When should you keep the tank lights on and off? I keep them on from 3:00 p.m. to about 7:00 a.m. I keep them off from 7:00 to 3:00


----------



## v-paw (Feb 17, 2013)

I keep them on during the day, 7-7 and off at night. I have plants in my tank so it need to be 12 hours. During the day so you actually see the tanks so it's pretty. Also the normal lighting of the room will still show up if you leave them off. So they get full darkness at night.

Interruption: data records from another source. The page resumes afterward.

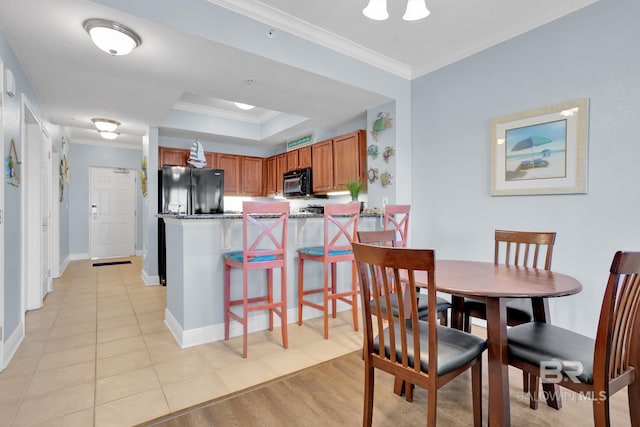 dining space featuring light tile patterned floors, baseboards, a raised ceiling, and crown molding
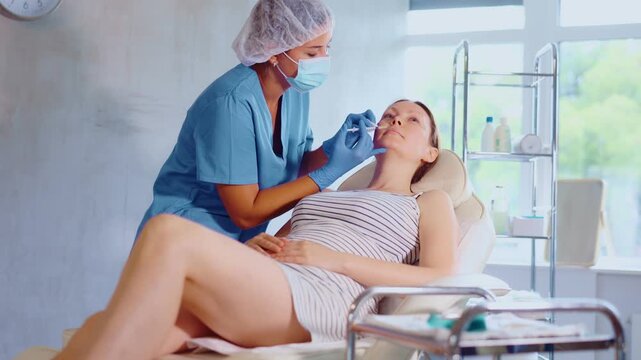 Woman doctor in disposable mask gives injection and performs procedure of lip augmentation of girl patient in cosmetology clinic. Correction of asymmetry, lip volume increase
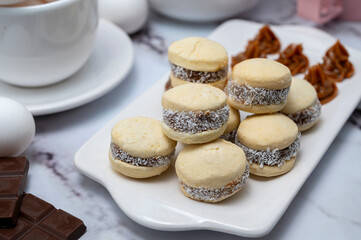 Counter with ingredients: eggs, flour, beaters, and cornstarch alfajores with dulce de leche and coconut, chocolate bar with white dishes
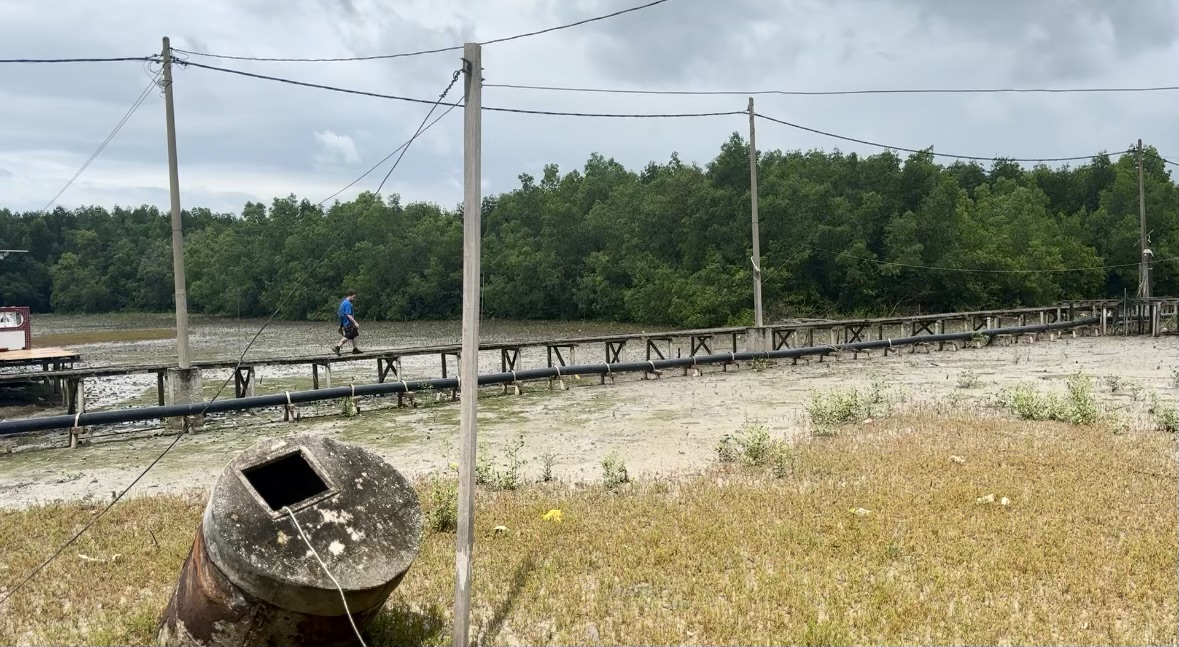 Man walking on long wooden platform on Crab Island, Malaysia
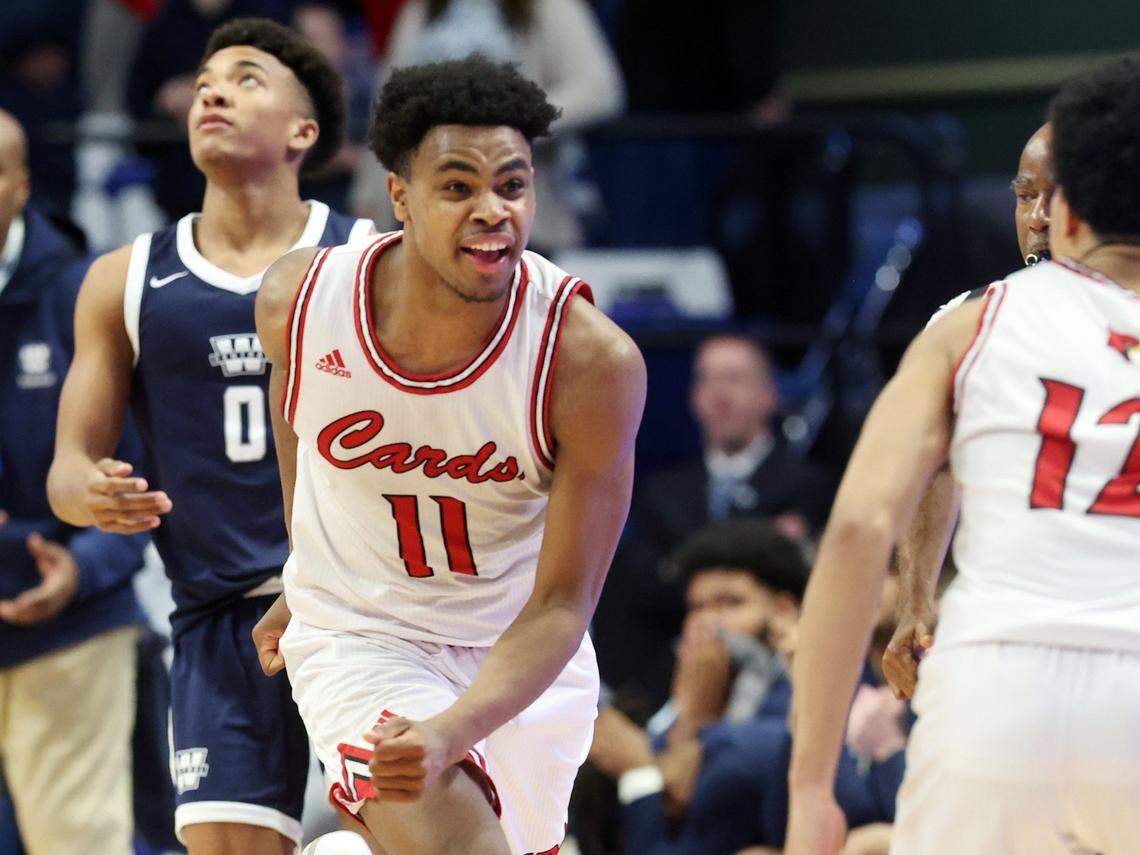 Clark County’s Jerone Morton (11) celebrates after the Cardinals won the Sweet 16 championship at Rupp Arena on March 19.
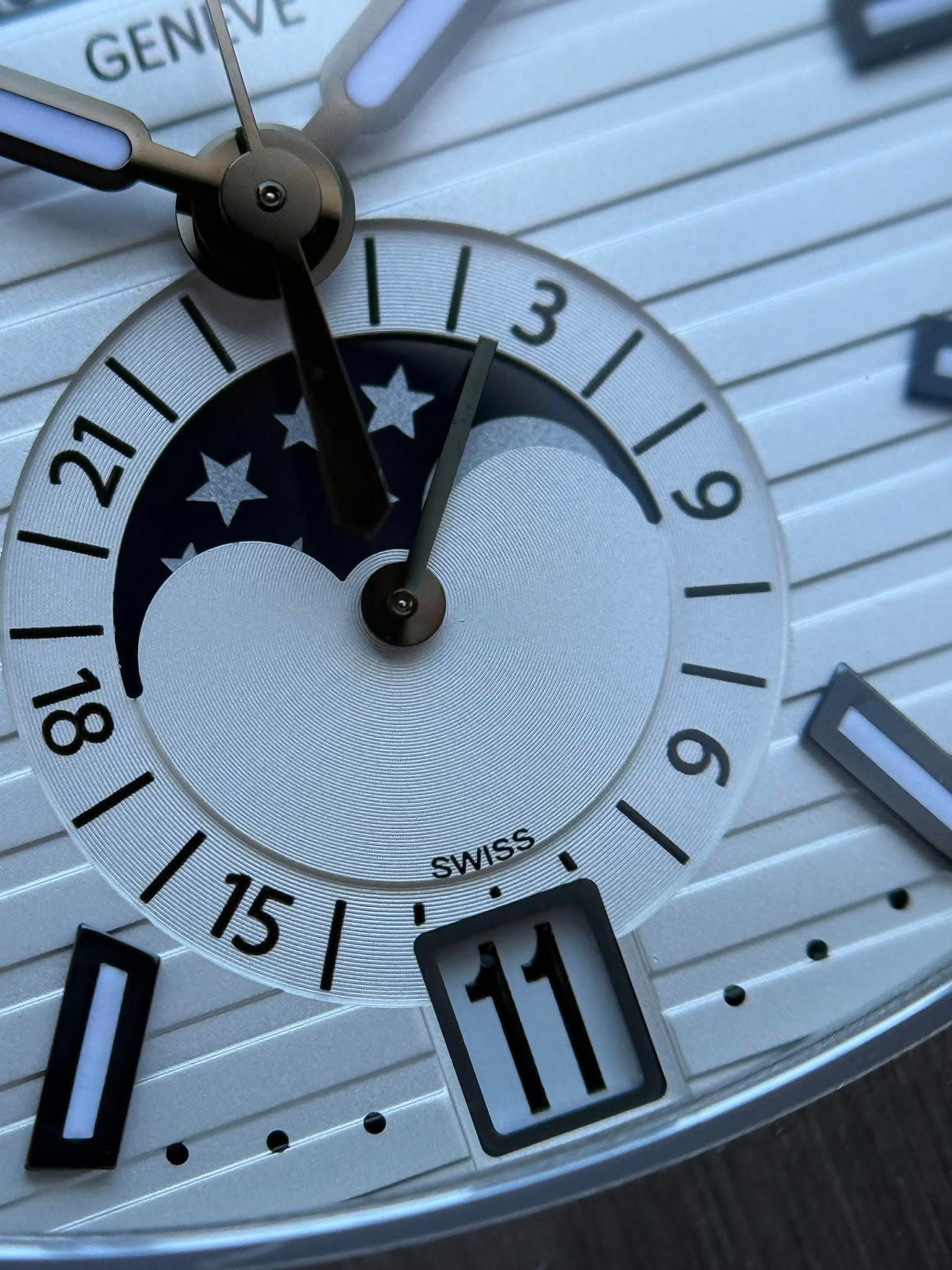 May be an image of wrist watch and text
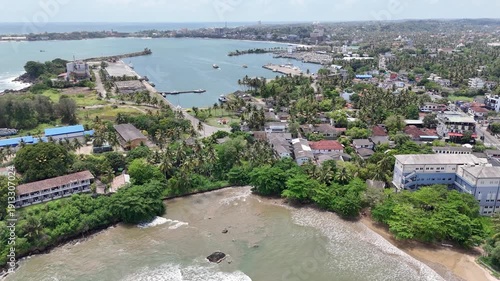 Galle, Sri Lanka, November 3, 2025: Devata Beach in the galle city and surfers riding in the waves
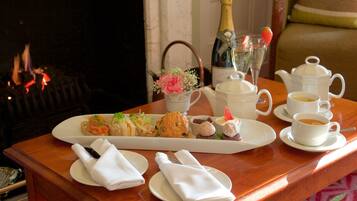 A breakfast setup with a variety of pastries, a bottle of champagne, and coffee cups on a wooden table.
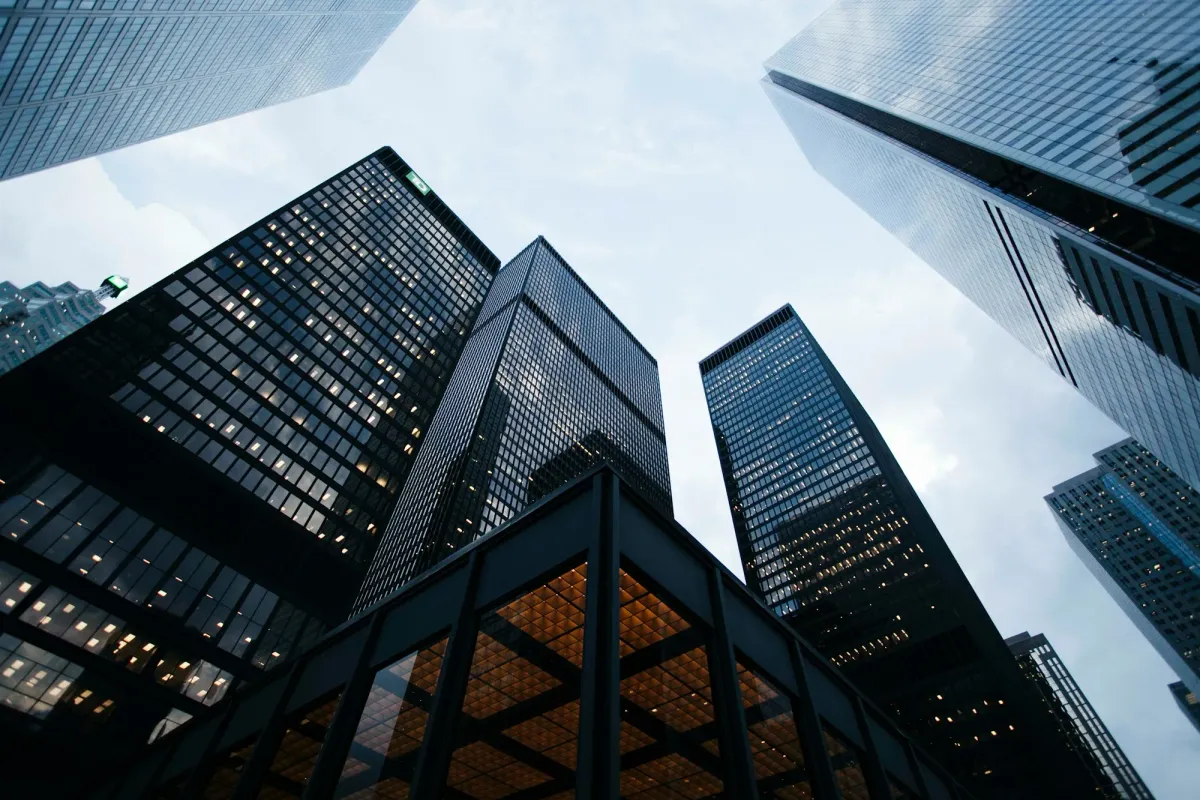 Looking up at glass corporate skyscrapers against the sky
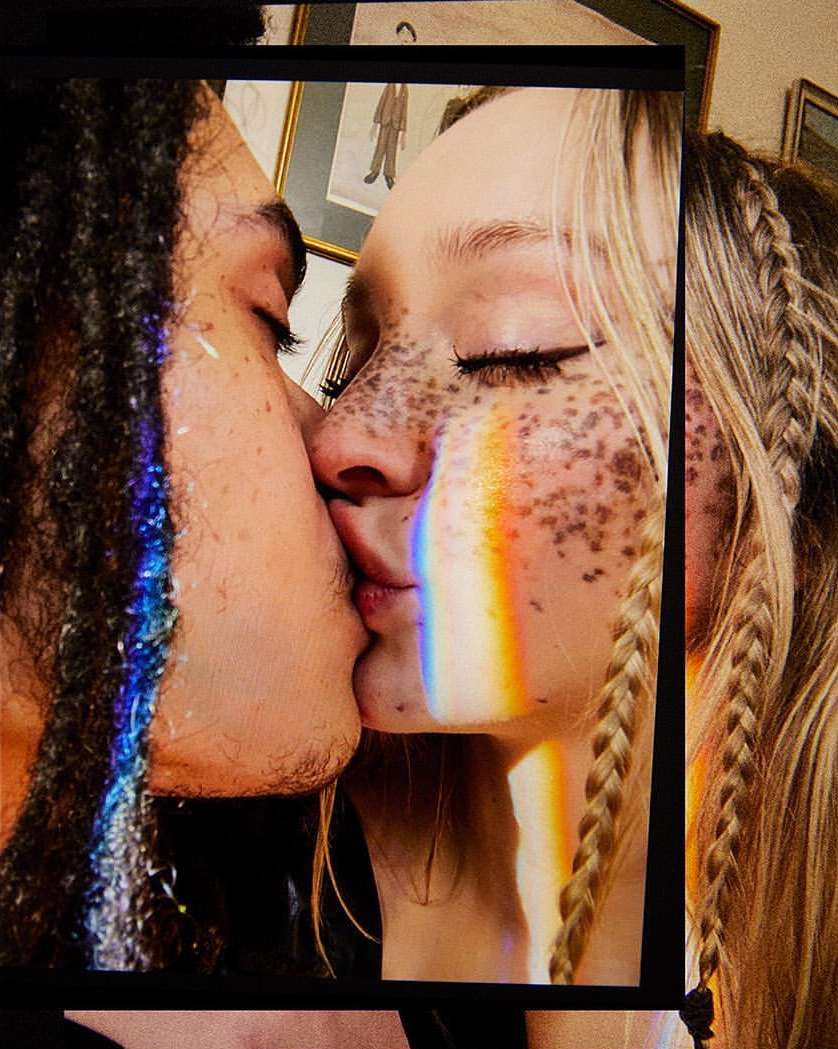 Close-up of a man and woman kissing, framed by a dark border with a rainbow light effect on their faces. 
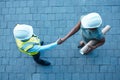 People handshake on site, architect partnership with engineer in construction and welcome b2b in Atlanta. Industrial Royalty Free Stock Photo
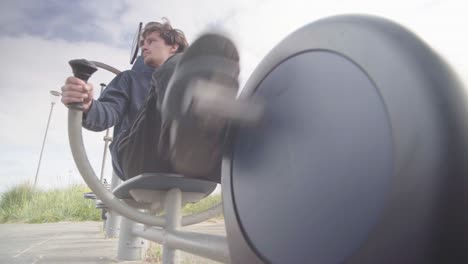 a young male wearing dark clothing exercising on an exercise bike outdoors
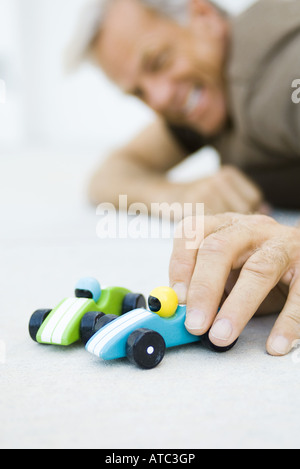 Man Playing with toy cars, low angle view, selective focus Banque D'Images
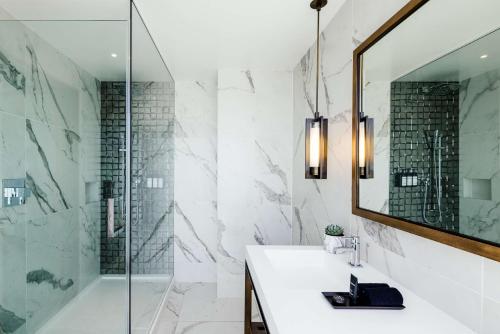 a bathroom with a shower and a sink and a mirror at Dream Hollywood in Los Angeles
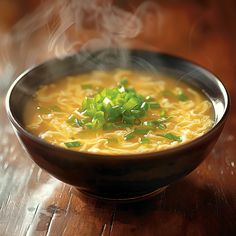 a bowl of soup with noodles and green onions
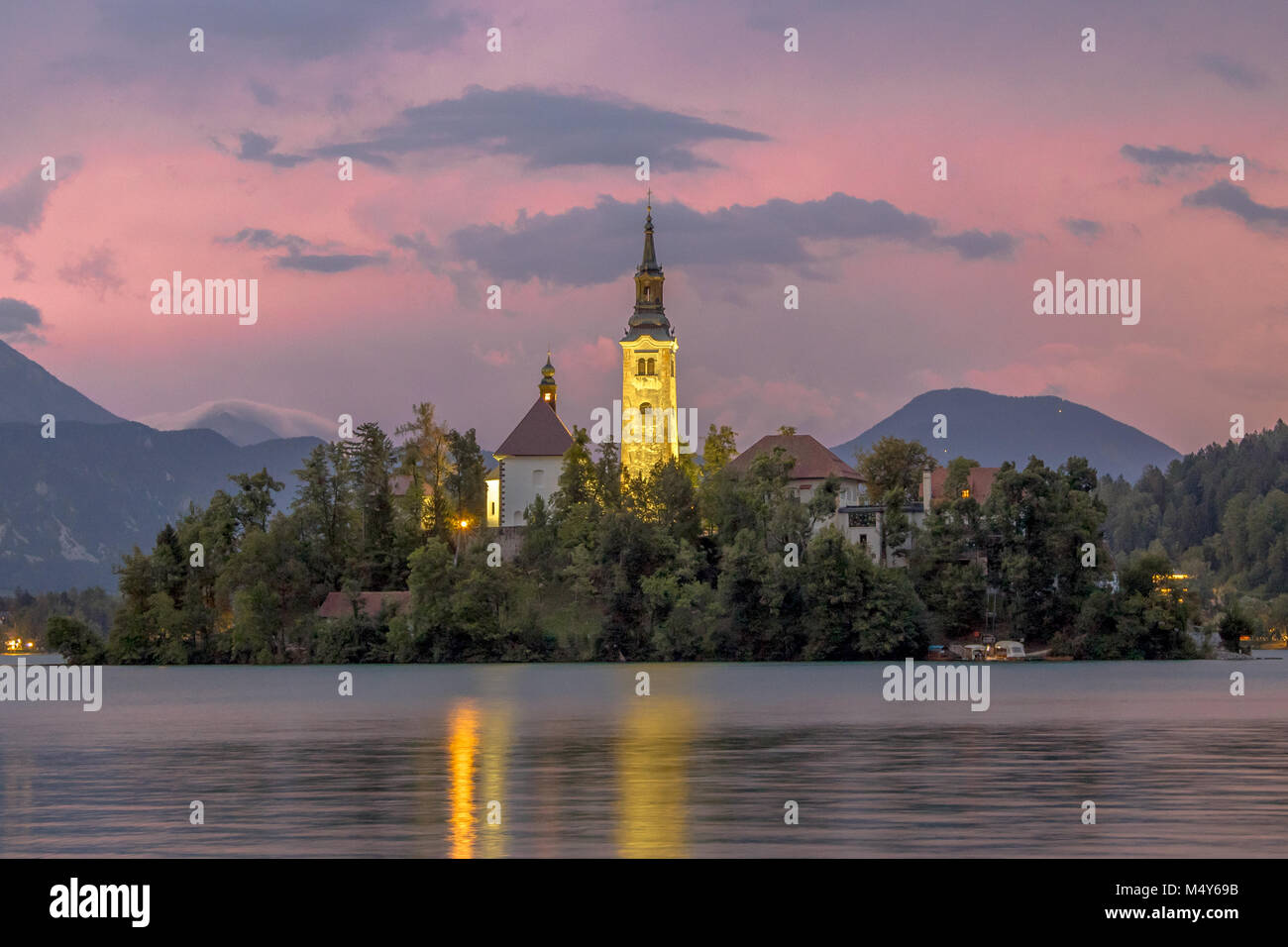 Landscape scene Lake Bled with St Mary's church on island and mountains in backdrop under pink stormy sky, Slovenia, Europe Stock Photo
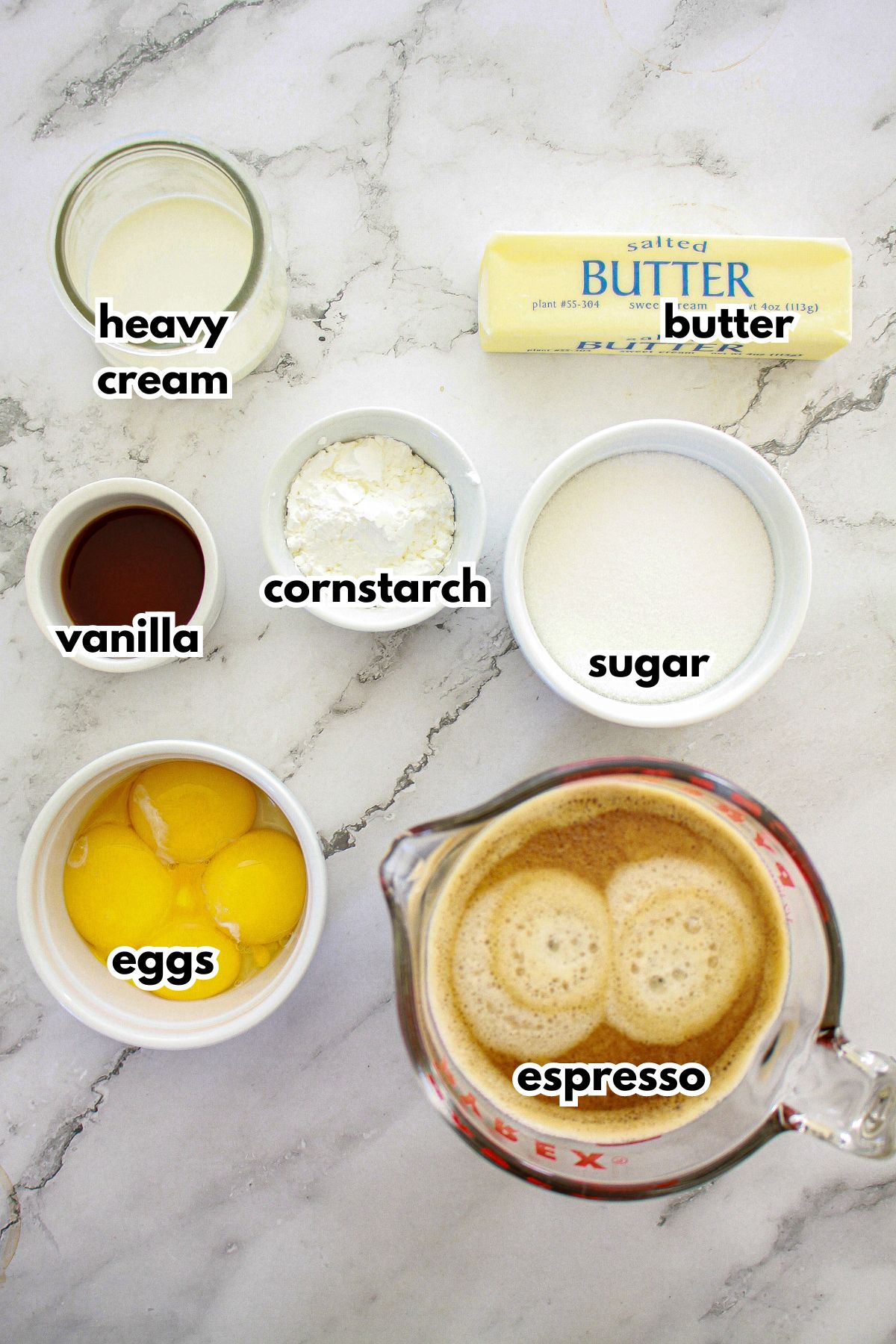 bowls of ingredients needed to a coffee pudding layer for a dessert on a counter.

Sent from Petguide.com Free App


----------



## bullseyejoey (Aug 30, 2012)

Well I like it at night because I have school during the day and don't have time to look at them during the day.


----------



## Kirrie (Jan 18, 2013)

I have a timer so while I am at school the lights turn on around noon and then off around 11 at night. That way they are on for about 12 hours and they are on from the time I get home from school until I go to bed. The timer was pretty cheap and I found it at a pet store.


----------



## BV77 (Jan 22, 2005)

You can also get timers cheap at Lowe's etc. I keep my lights on 10 hours a day. It saves a bit on electricity and the plants do fine. It helps keep algae at bay, too. Evidence is my icon.


----------



## Betta man (Mar 25, 2011)

mine are from about 8:30 to 9:00 and my fish are happy and my plants are thriving. For once haha. I killed duckweed, so this is an improvement.


----------